Wrong. The new way forward is achieving the progress Iraq needs but is accomplishing success in a way not anticipated.

The surge in troops and improved security is bringing about political reconciliation, but not at the highest levels. It’s taking place at the local level.

The tribes in the Anbar province which have come together over the course of the last 8 months or so to fight Al Qaeda may all be Sunni Muslims, but that doesn’t mean they would normally ally with one another. In fact, fighting amongst the tribes would tend to be the norm. Long running, decades or more, rivalries and blood feuds would normally prevent such cooperation. But those differences have been reconciled during the course of the surge such that political and security alliances could be created.

Similar cooperation is taking place among Sunni and Shia tribes in the area around Taji, north of Baghdad, as described in a July 23rd Washington Times article. Several tribes from both religious groups entered into an agreement to fight together against Sunni Al Qaeda terrorists and Shia Mahdi Army insurgents. Again, differences have been reconciled for the betterment of all.

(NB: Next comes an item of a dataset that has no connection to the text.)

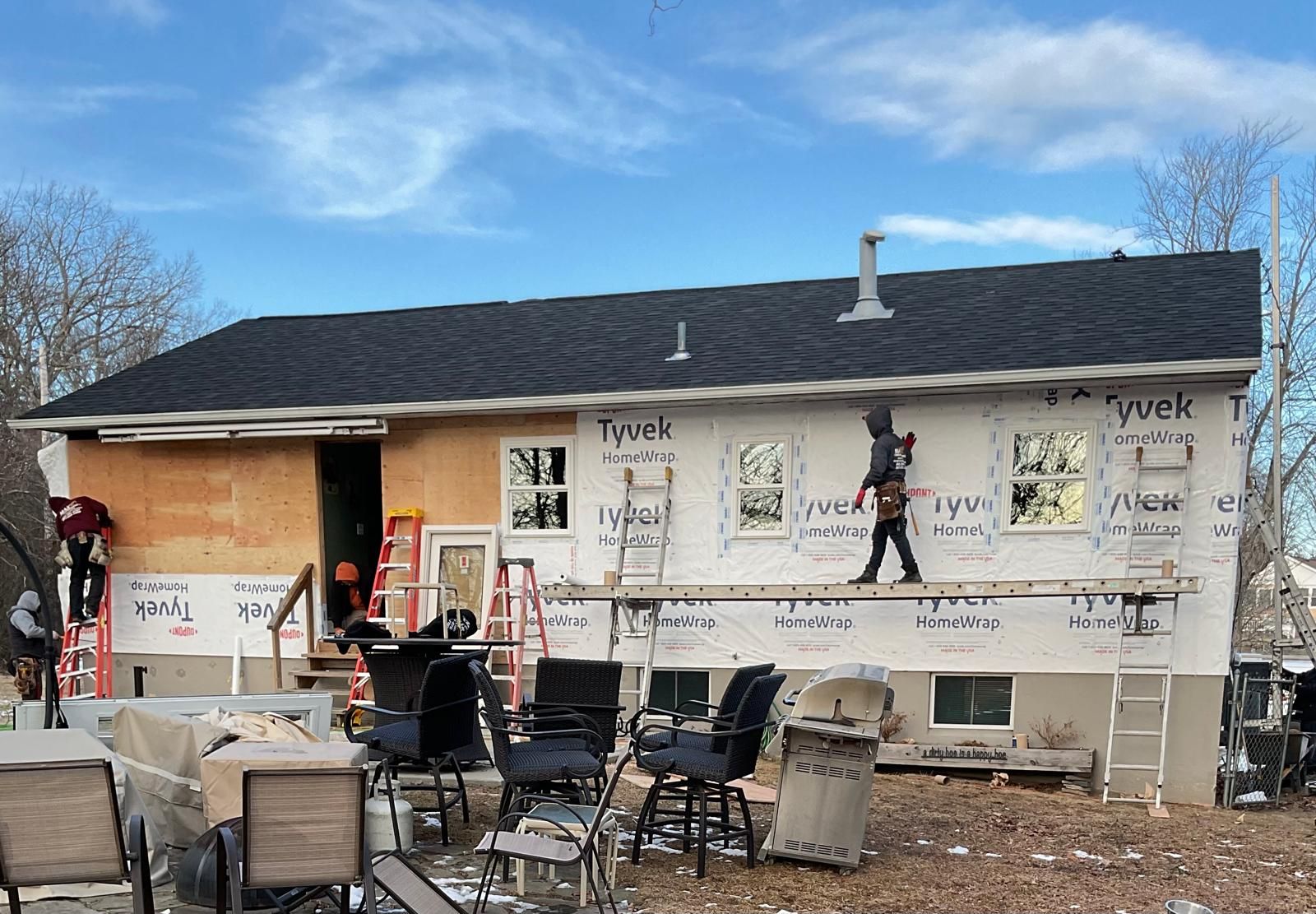 Two construction workers perform exterior renovations on a house, installing white Tyvek siding and new windows.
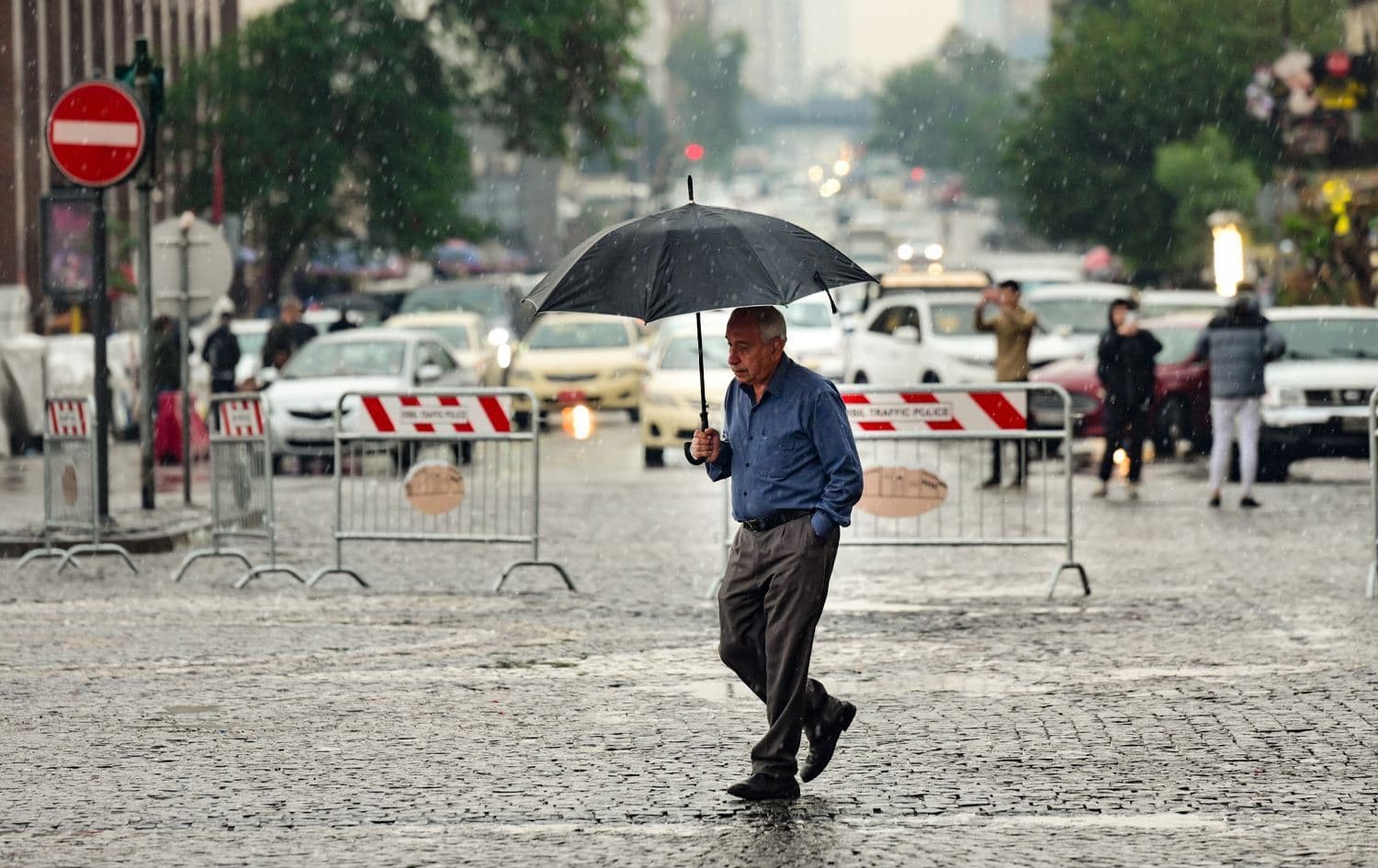 A man walking under the first rain of the season in the Kurdistan Region's capital city, Erbil. Photo: file/Rudaw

On the 4th of August, Multi-National Forces Iraq reported on the accord reached by 14 of the major tribes in the Diyala province, including 11 Sunni, 3 Shiite, and 60 sub-tribes. The sheiks representing these tribes swore on the Quran to ally together for security in Diyala province, end inter-tribal fighting, and cooperate with the Iraqi Security Forces, as well as several other conditions of a peace treaty.

At the local level Iraqi’s are coming together. They are reconciling political differences. They are reconciling long standing feuds amongst each other. They are crossing tribal lines to cooperate with one another. They are crossing religious lines to build a better future.

Across Iraq, the progress sought by so many politicians here, the political reconciliation on which so many believe Iraq fails or succeeds, is taking place. But it’s occurring at the bottom first and building higher, which makes it difficult for “top down” centric people to grasp.

Here at home we need to open our eyes to the realities of this change and the potential driving power it has for the future of Iraq. After all, the power of the people far outweighs the power of any government.

The impetus for change occurs among the governed, not the government, whether here or abroad. At home, those among the elected and the electorate who’ve forgotten this need to remind themselves from where power is derived and who serves who.

To do so will remind them to look to the Iraqi people and what’s happening in the villages and neighborhoods to see that success is being achieved throughout Iraq, even if they can’t see it in the Green Zone. Just as we see success in our small towns and neighborhoods every day, even while our own Congress ineptly flails away, worthy of their mid-teens approval rating.